Важно понимать, что без упреков не обойтись. И важно честно признать, что с поправками на историческую ситуацию Юнгер и Шмитт оказались в одном лагере, а покинувшие Германию антифашисты (в том числе и увлекавшийся одно время правыми идеями Томас Манн) – в другом. Что Блох и Брехт одобрили советские показательные процессы 30-х годов, а Лукач в пылу революционной борьбы отдал небезызвестный приказ о расстреле.

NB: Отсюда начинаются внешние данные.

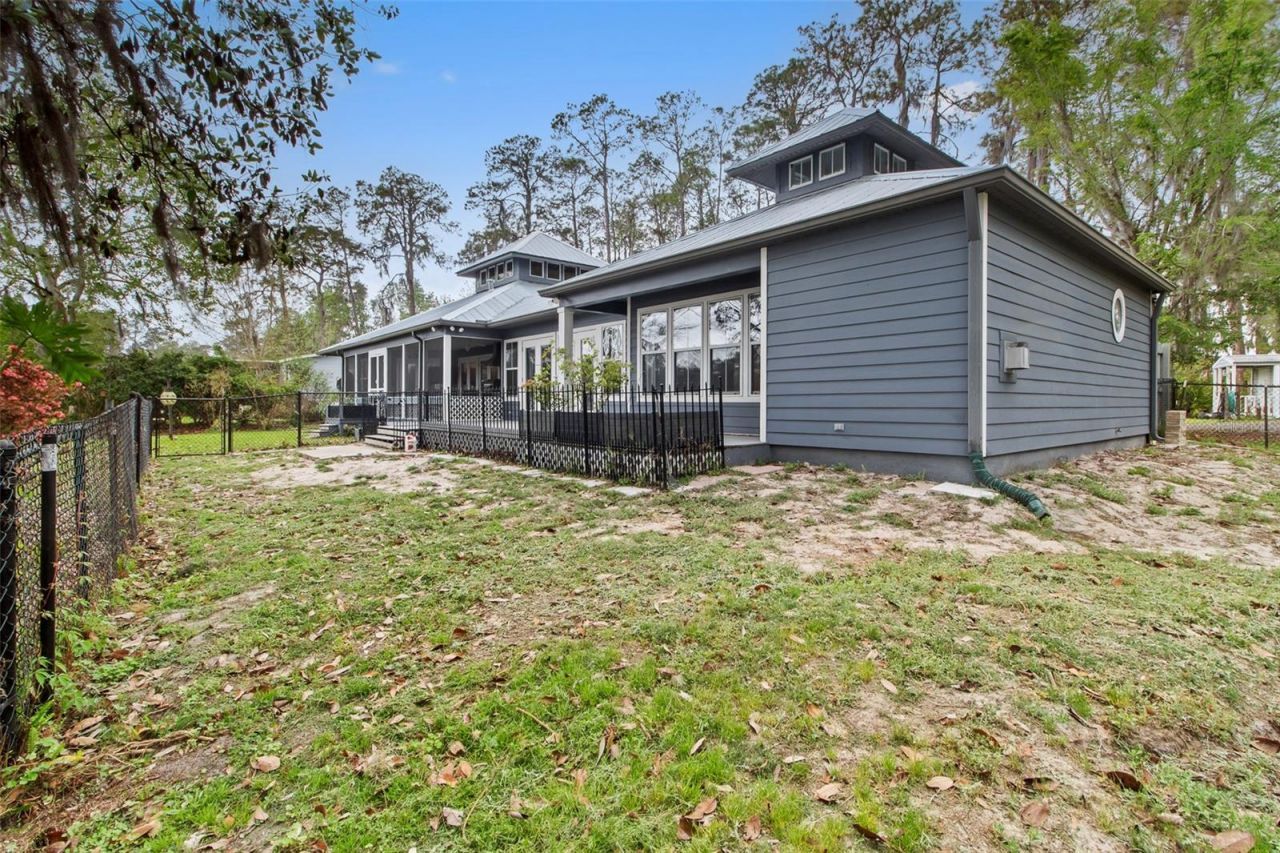 299 Riley Lake Drive, Hawthorne, FL 32640 Photo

В 1935 году Блох выпустил в Цюрихе книгу "Наследие нашей эпохи". Помимо прочего там предлагалось, грубо говоря, украсть у правых миф, сделать марксизму прививку иррационального, не забыв, конечно, о революционной диалектике и коллективном историческом субъекте. Призыв, конечно, запоздал: многие ходы мысли давно были общими. Но если сохранить трезвость мысли, если знать, что хотя человек – это звучит гордо, но если враг не сдается, то его уничтожают, – можно работать дальше, переводить, если хочется, и ударять Гундольфом по Беньямину, Клагесом и Фрайером – по Лукачу, а Бенном – по всему левому искусству. В конце концов, публика требует музыки. Но вряд ли концерт удастся, если у скрипки останется одна струна или если у рояля выломают клавиши, неважно – "левые" или "правые".